Kaspar Mossman, director of communications and marketing for QB3, an accelerator founded in 2000 by the University of California-San Francisco, calls competition among accelerators "friendly."

"Everyone wants to be able to claim they provided services that led to a startup's success," he said.

"We are a broad brush accelerator and are considered a UC institute that helps entrepreneurs create successful life sciences projects," Mossman said. During its first six years, QB3 focused on funding academic research without a charter for commercialization.

In 2009, QB3 received $11.3 million dollars from Mission Bay Capital to provide early-stage funding for startups in its program. It currently has an alliance with Pfizer, which provides $3.5 million in funding annually.

QB3 launched Startup in a Box a few years ago to provide mentoring and expertise to entrepreneurs.
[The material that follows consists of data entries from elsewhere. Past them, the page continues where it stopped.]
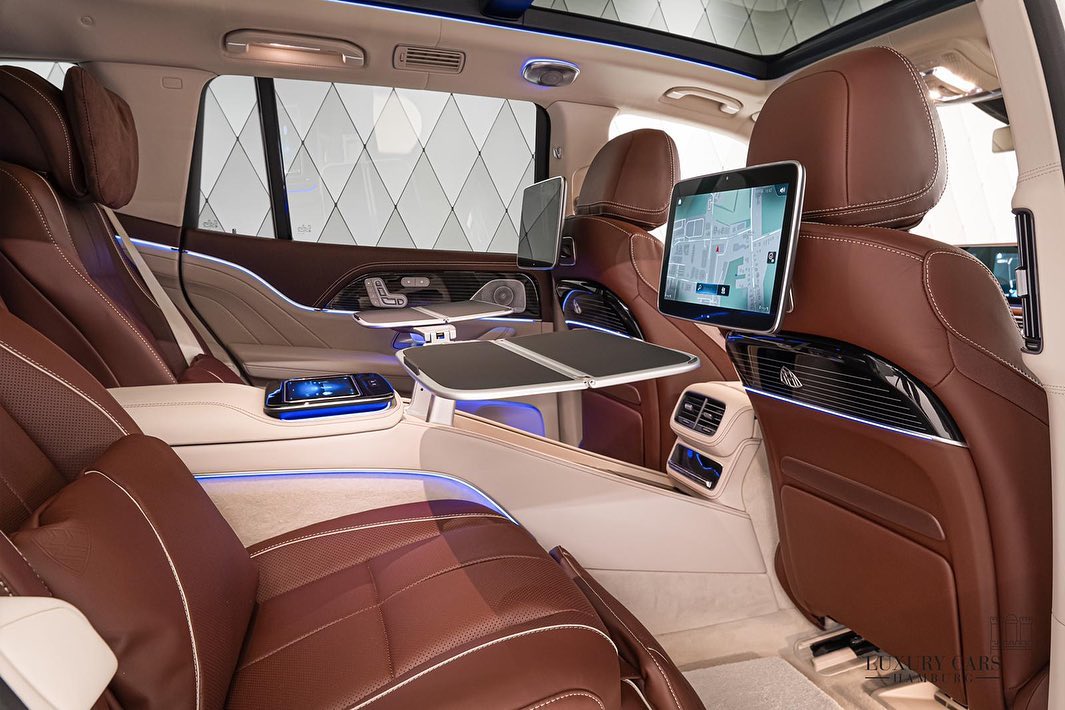 Mercedes GLS 600 Maybach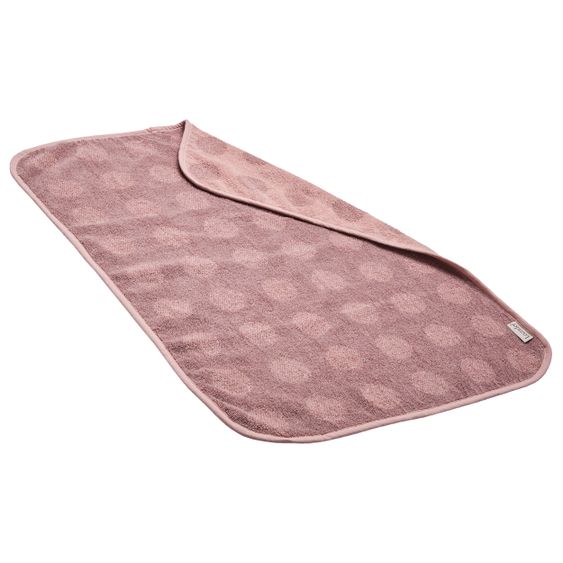 Leander Matty organic cotton changing mat topper - Organic - Wood Rose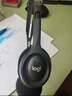羅技（Logitech）H110 多功能立體聲耳麥 3.5mm有線頭戴式耳機(jī) 電腦筆記本雙插頭耳機(jī) 單個(gè)裝 曬單實(shí)拍圖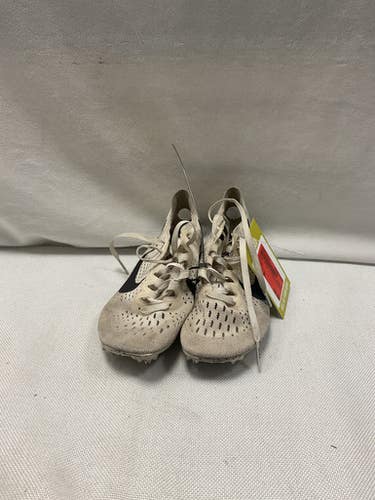 Used Nike Track & Field Cleats Jr White Junior 05 11490-s000240693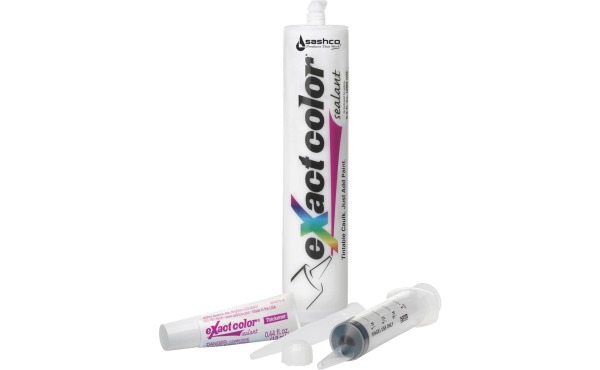 Sashco eXact color Tint Base Tintable Caulk Sashco eXact color Tint Base Tintable Caulk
The program has developed relationships with legal experts to provide incorporation advice, including selecting a business model, setting up an initial capital structure and intellectual property licensing.

QB3 has added a grant-writing workshop offered three times a year and plans to expand services to include advice on hiring, taxes, funding opportunities and pitching new concepts.
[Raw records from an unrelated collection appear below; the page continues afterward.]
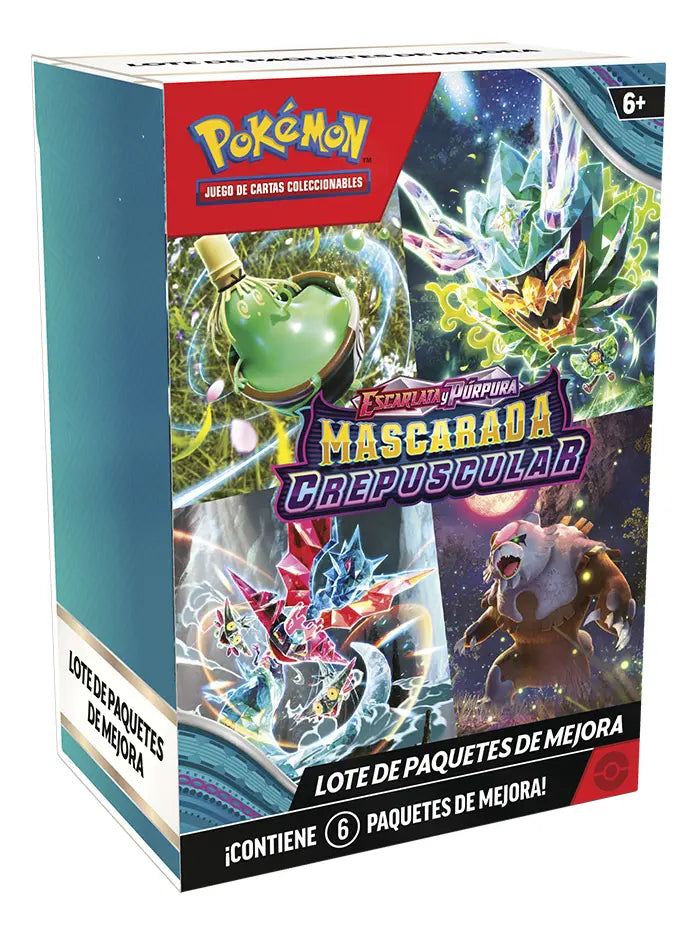 Mascarada Crepuscular Booster Bundle Español Spanish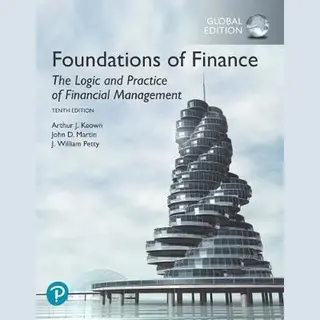Foundations Of Finance Plus Pearson MyLab Finance With Pearson EText, Global Edition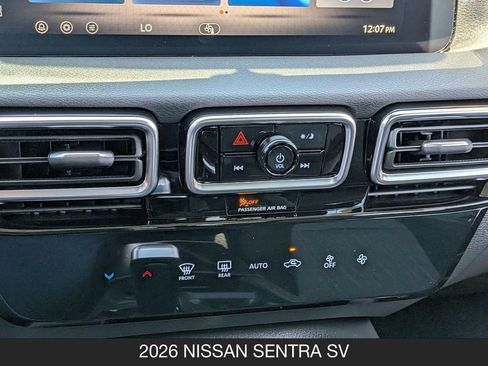 Certified 2026 Nissan Sentra SV w/ Floor Mat Package FWD image 22
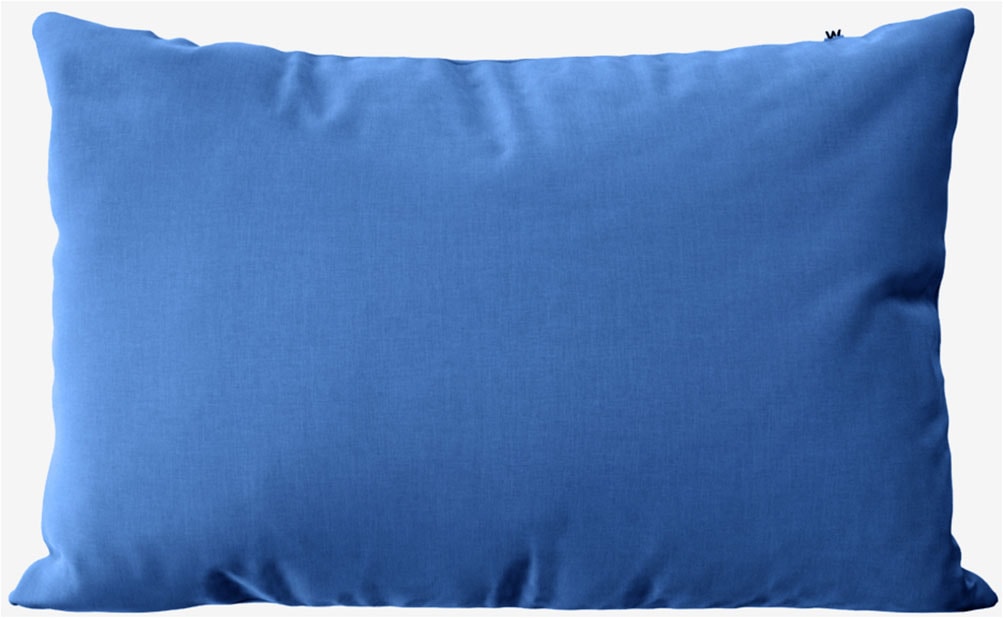 Wolkenfeld Kissenbezug »Renforcé Kissenbezug Baumwolle - Natürlich weiches Schlafgefühl« Größe 80x80, 40x80 und 70x90 cm; versteckter Reißverschluss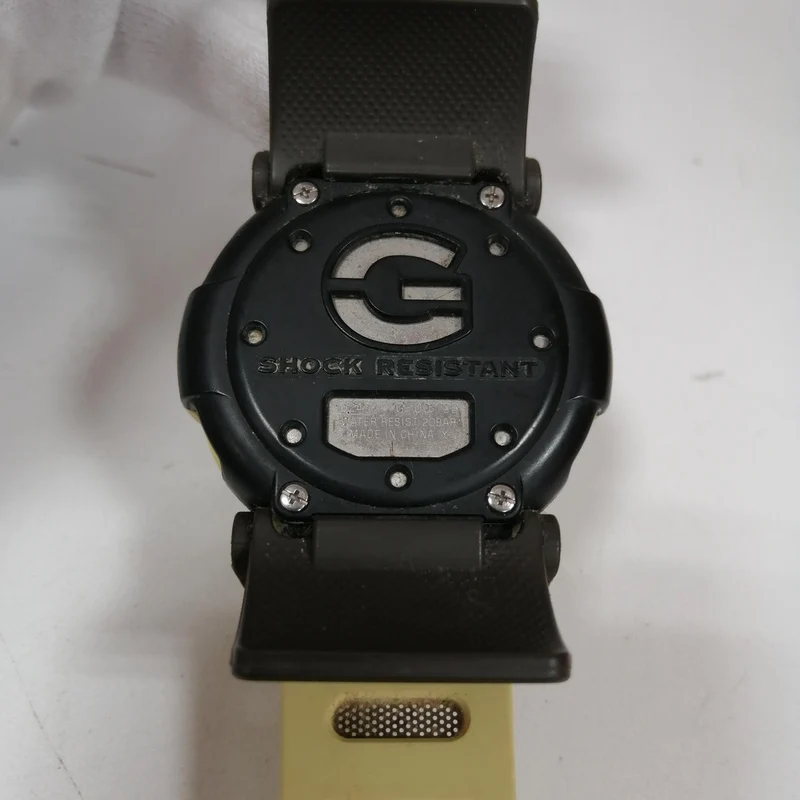 CASIO SHOCK RESISTAMT YEL/G-001CB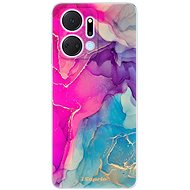 iSaprio Purple Ink - Honor X7a - Phone Cover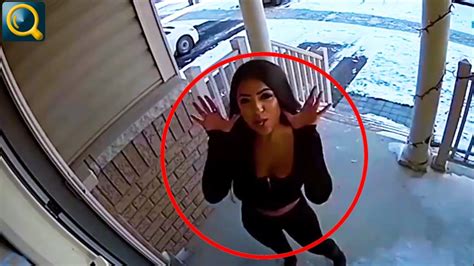 Weird Things Caught On Security Cameras And Cctv Youtube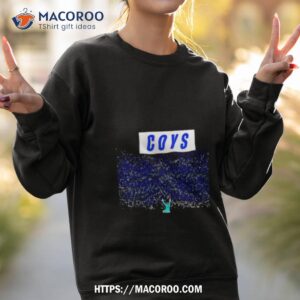 tottenham hotspur guglielmo vicario goal celebration limbs shirt sweatshirt 2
Over the past seven years, QB3's Bridging the Gap Awards program -- which provides three annual awards of $125,000 each -- has funded 17 projects, 14 of which have reached the commercialization stage.

UCSF also is involved in another accelerator project, the Catalyst program, which helps UCSF faculty and graduate students bring their technologies beyond the lab.
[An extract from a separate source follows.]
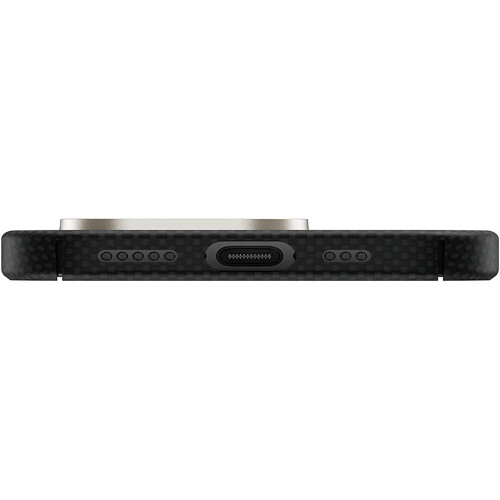 Benks Etui Magnetic Armor Air Prestige Kevlar 600D (G065) do Iphone 16 Pro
"Often people in academia make discoveries but have little opportunity to turn them into products to benefit others," said June Lee, director of early translational research at the Clinical and Translational Science Institute and a professor in the School of Medicine at UCSF.

"We serve as a focused accelerator, as a bridge to commercialization by uniting ideas, know-how and resources. We help these newly developed technologies reach maturation to justify funding," she said.

Although both QB3 and the Catalyst program are both connected with UCSF, there is not much overlap between the two.

"We often cross paths with the same technologies but usually at a different stage in the lifecycle of the technology," she said. "We at Catalyst are more involved when the technology is still in the university, while QB3 engages once the technology is out-licensed from the university."

The Catalyst Awards program supports researchers through funding, one-on-one consultation and partnerships with business consultants.

The UCSF translational science institute also developed Lean LaunchPad for Life Sciences & Healthcare, a 10-week course offering entrepreneurial training that teaches scientists and clinicians how to assess whether their ideas or technologies can hold up as a business.

Since its inception in 2010, Catalyst has supported more than 100 technologies with the help of corporate sponsors.